高野豆腐は栄養が豊富ですし、子供にとって必須アミノ酸である「 アルギニン」が含まれていますので、子供にも食べさせたい食品ですよね。
高野豆腐は「硬いまますれる」という便利な使い方もできますので、離乳食としても重宝します。
また、先ほどもご紹介しましたが、熱湯で戻すと本当にやわらかくなりますので、月齢に合わせて、戻してからも充分に使えますよ。
高野豆腐をお肉の変わりに使う
薄めに切って味付けした高野豆腐は、お肉の代わりとしてお料理に使うこともできます。
たとえば、牛丼や肉うどんのお肉の代わりに使ったり、チャーシューのかわりにラーメンに入れたり、すき焼きの具にしてもいいですよ。
硬い時にすりおろして、ハンバーグに混ぜてもいいですよね。
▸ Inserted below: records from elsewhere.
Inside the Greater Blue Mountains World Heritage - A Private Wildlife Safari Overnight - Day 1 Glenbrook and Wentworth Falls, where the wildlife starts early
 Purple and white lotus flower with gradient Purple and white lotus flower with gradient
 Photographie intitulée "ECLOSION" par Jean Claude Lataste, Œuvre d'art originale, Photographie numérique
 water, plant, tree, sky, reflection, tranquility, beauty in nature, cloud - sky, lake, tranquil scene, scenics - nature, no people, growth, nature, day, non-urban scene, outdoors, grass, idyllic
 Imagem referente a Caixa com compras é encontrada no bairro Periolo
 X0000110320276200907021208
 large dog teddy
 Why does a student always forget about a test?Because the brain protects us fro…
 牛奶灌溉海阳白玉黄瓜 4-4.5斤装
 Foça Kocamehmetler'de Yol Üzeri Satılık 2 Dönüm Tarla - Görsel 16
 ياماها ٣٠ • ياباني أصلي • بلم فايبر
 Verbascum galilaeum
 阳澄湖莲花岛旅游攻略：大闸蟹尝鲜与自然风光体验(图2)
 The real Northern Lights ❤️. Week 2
とってもヘルシーな食事になりますね。
高野豆腐はなぜ栄養豊富なの?
高野豆腐の栄養が豊富なのには、その製造方法に理由があります。
高野豆腐は、別名「凍り(こおり)豆腐」と言われている通り、少し固めの木綿豆腐を凍結させ、低温熟成させた後に乾燥させて作ります。
つまり、栄養分がギュッと凝縮されて入っている、というわけなのです。
まとめ
いかがでしたか。
高野豆腐は、さすが日本の伝統食って感じですよね。カロリーは少なめで、栄養が豊富です。
しかも、コラーゲンのもととなるアミノ酸が入っているのですから、お肌にもよくって、とっても嬉しいですよね。
食感がちょっと苦手、という方は、やけどに気をつけて熱湯戻しを試してみてはいかがですか。
高野豆腐がくせになるかもしれませんよ。